- [What to work on]: Quote word for word from the line holding "2pcs Rainbow Drifting" to the last line below, including both, and omit any pictures.

##### Records supplied

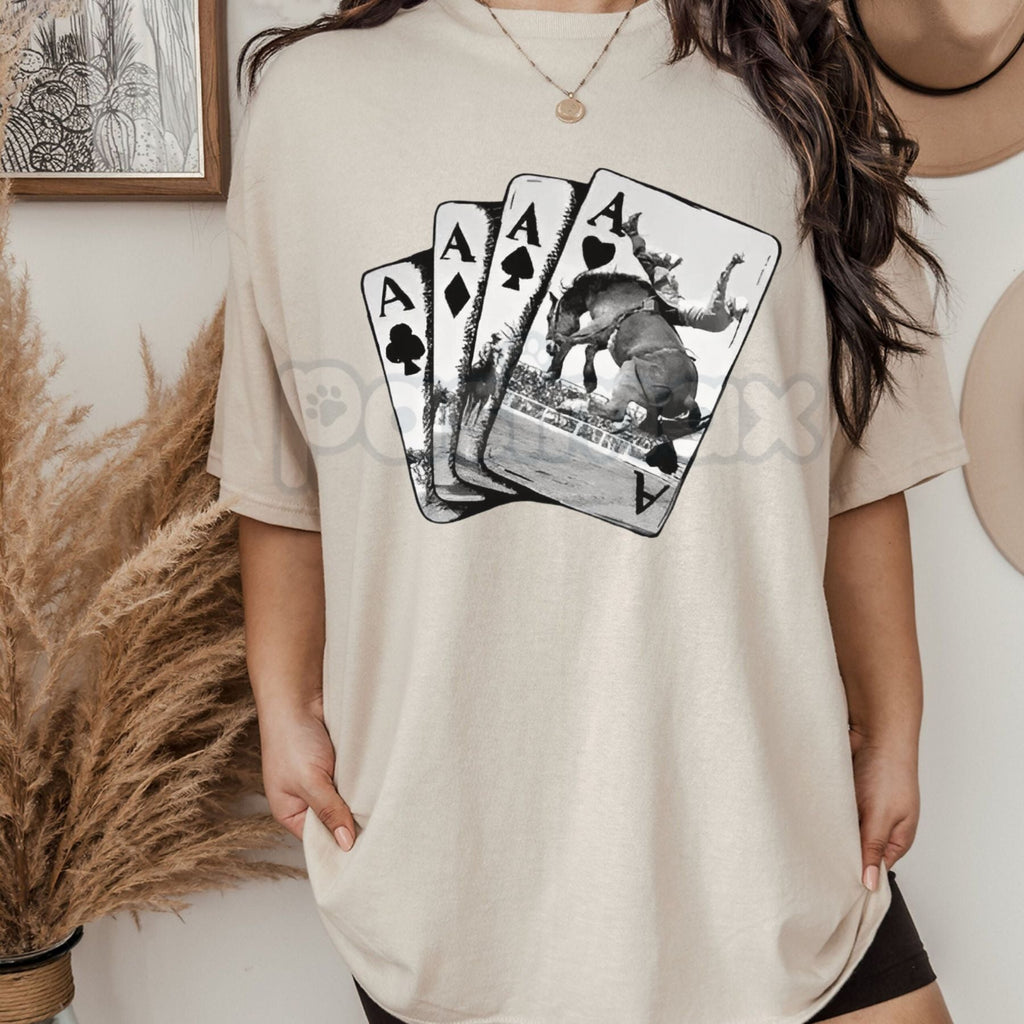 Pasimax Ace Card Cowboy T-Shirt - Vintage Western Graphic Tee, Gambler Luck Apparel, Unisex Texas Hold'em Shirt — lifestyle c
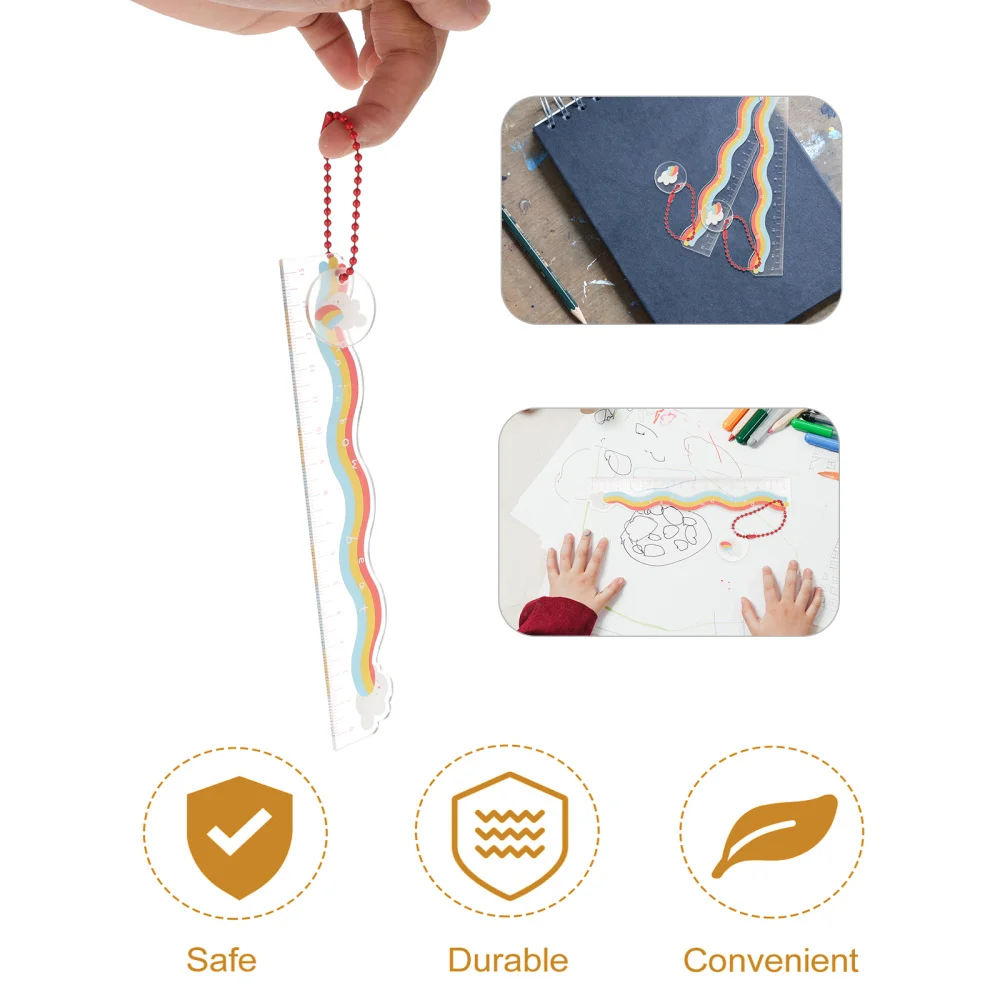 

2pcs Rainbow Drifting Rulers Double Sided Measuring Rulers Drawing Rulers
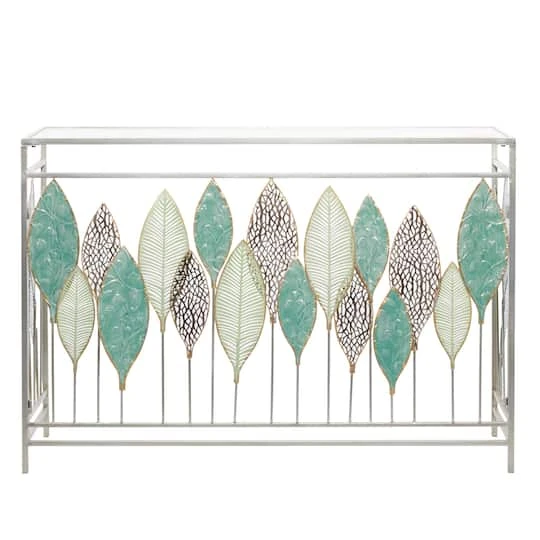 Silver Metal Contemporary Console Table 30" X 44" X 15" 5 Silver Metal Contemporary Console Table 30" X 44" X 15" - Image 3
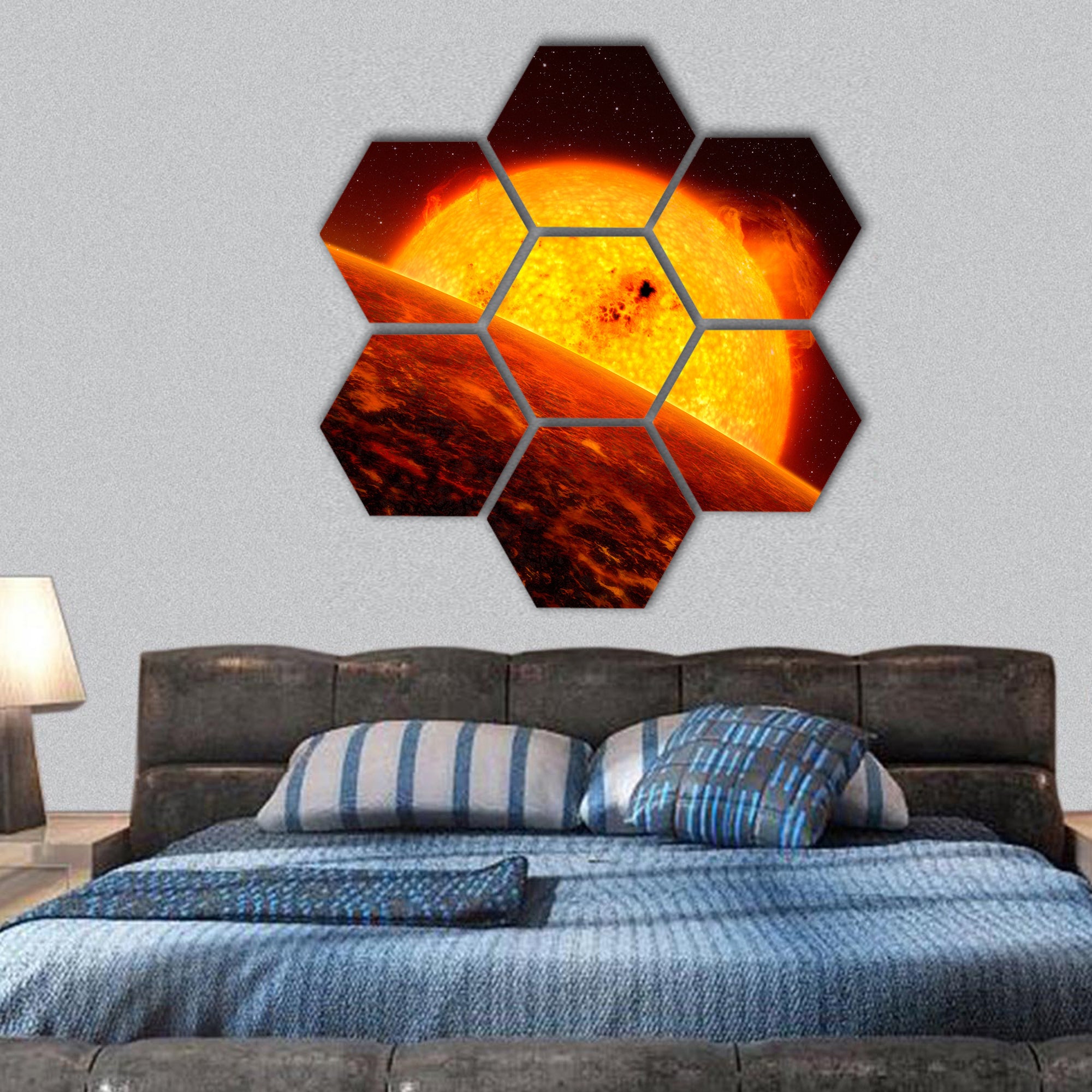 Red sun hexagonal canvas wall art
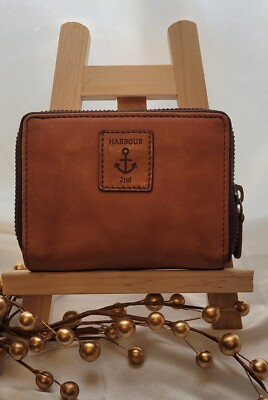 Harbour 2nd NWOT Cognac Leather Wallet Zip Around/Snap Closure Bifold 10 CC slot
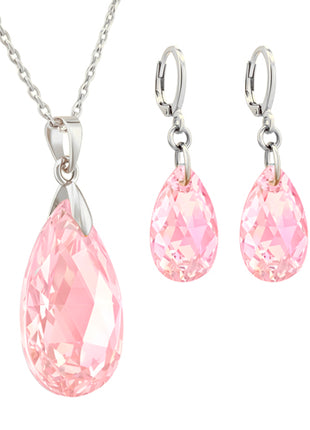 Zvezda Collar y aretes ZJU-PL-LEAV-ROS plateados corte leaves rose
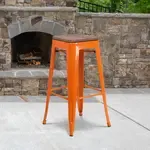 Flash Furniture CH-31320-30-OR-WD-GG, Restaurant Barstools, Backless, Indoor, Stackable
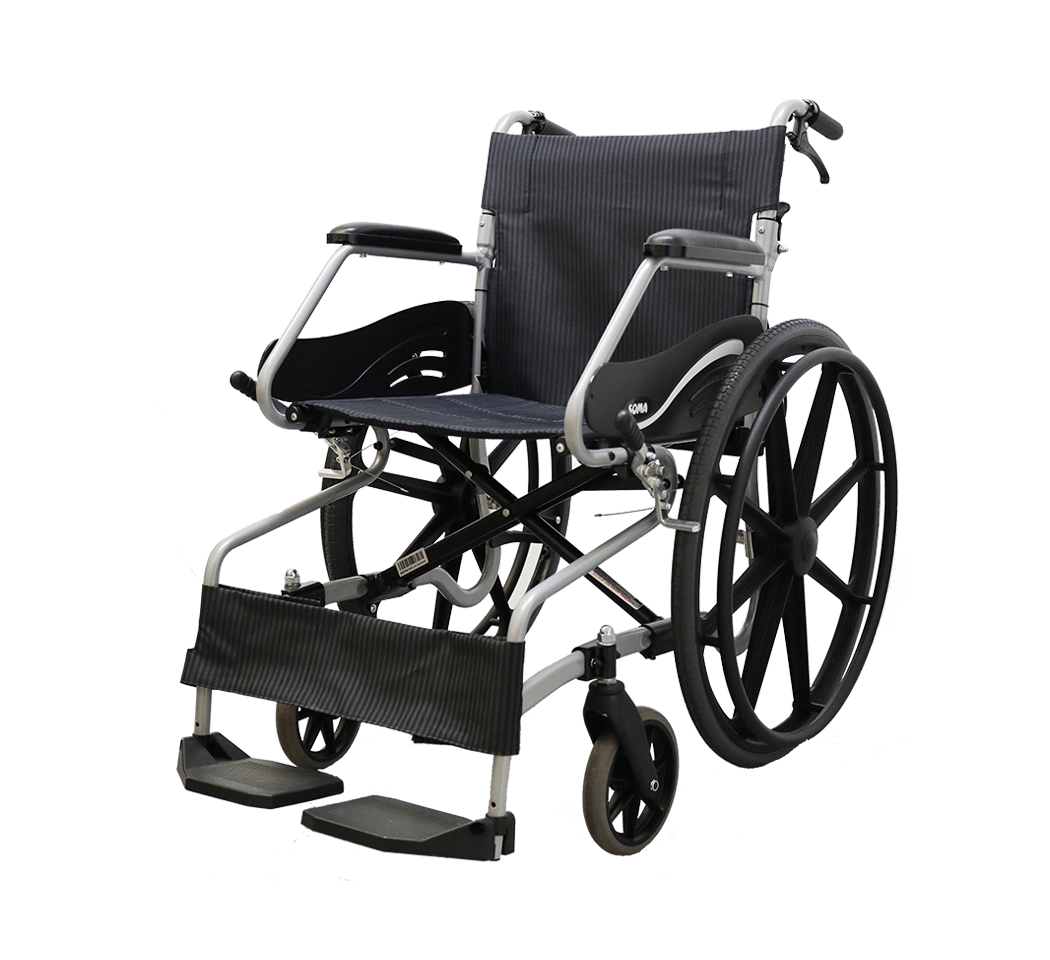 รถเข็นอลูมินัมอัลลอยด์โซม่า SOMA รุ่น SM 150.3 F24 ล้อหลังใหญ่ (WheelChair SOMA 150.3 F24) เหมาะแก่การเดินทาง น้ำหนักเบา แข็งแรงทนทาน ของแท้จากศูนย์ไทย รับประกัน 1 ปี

##########

- [Answer for the task]:
2pcs Rainbow Drifting Rulers Double Sided Measuring Rulers Drawing Rulers
 Silver Metal Contemporary Console Table 30" X 44" X 15" 5 Silver Metal Contemporary Console Table 30" X 44" X 15" - Image 3
 Red sun hexagonal canvas wall art
 Harbour 2nd NWOT Cognac Leather Wallet Zip Around/Snap Closure Bifold 10 CC slot
 Zvezda Collar y aretes ZJU-PL-LEAV-ROS plateados corte leaves rose
 Flash Furniture CH-31320-30-OR-WD-GG, Restaurant Barstools, Backless, Indoor, Stackable
 รถเข็นอลูมินัมอัลลอยด์โซม่า SOMA รุ่น SM 150.3 F24 ล้อหลังใหญ่ (WheelChair SOMA 150.3 F24) เหมาะแก่การเดินทาง น้ำหนักเบา แข็งแรงทนทาน ของแท้จากศูนย์ไทย รับประกัน 1 ปี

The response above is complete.